Patients and methods: A total of 24 young patients with ADHD participated in the 20-session training program. During phase I of training (2 weeks, 10 sessions), participants were trained on weekdays. During phase II, neurofeedback training occurred twice per week (5 weeks). The patients’ inattention problems were measured at three assessment time points before (pre, T0) and after (post, T1) the training and at a 6-month follow-up (T2); the assessments included neuropsychological tests (Alertness and Divided Attention subtests of the Test for Attentional Performance; Sustained Attention Dots and Shifting Attentional Set subtests of the Amsterdam Neuropsychological Test) and questionnaire data (inattention subscales of the so-called Fremdbeurteilungsbogen für Hyperkinetische Störungen and Child Behavior Checklist/4–18 [CBCL/4–18]). All data were analyzed retrospectively.

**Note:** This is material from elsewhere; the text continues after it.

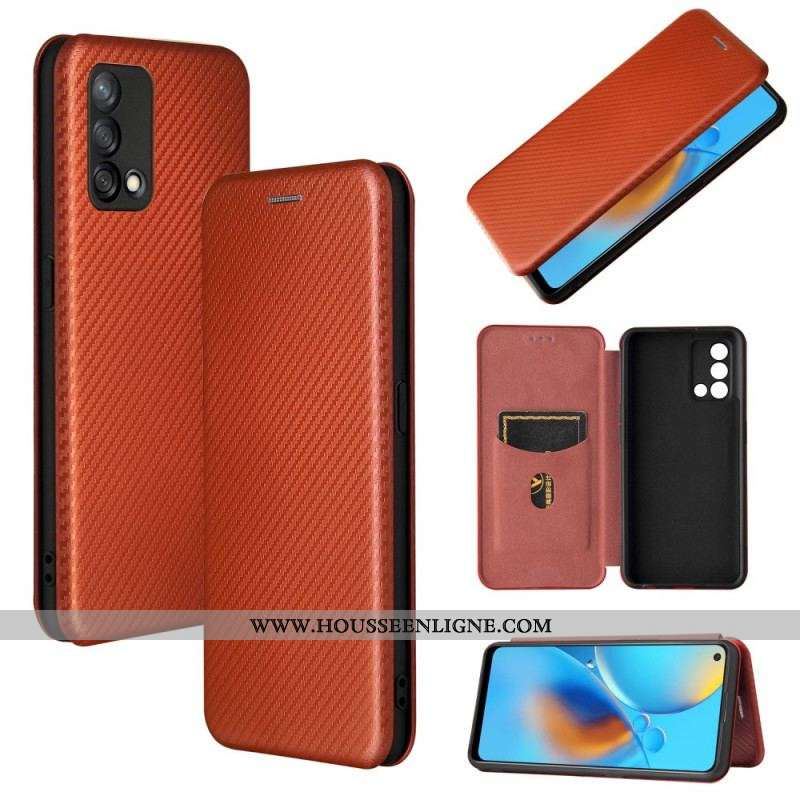 Flip Cover Oppo A74 4G Fibre Carbone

Results: The mean auditive reaction time in a Divided Attention task decreased significantly from T0 to T1 (medium effect), which was persistent over time and also found for a T0–T2 comparison (larger effects). In the Sustained Attention Dots task, the mean reaction time was reduced from T0–T1 and T1–T2 (small effects), whereas in the Shifting Attentional Set task, patients were able to increase the number of trials from T1–T2 and significantly diminished the number of errors (T1–T2 & T0–T2, large effects).
Conclusion: First positive but very small effects and preliminary results regarding different parameters of attentional performance were detected in young individuals with ADHD. The limitations of the obtained preliminary data are the rather small sample size, the lack of a control group/a placebo condition and the open-label approach because of the clinical setting and retrospective analysis. The value of the current approach lies in providing pilot data for future studies involving larger samples.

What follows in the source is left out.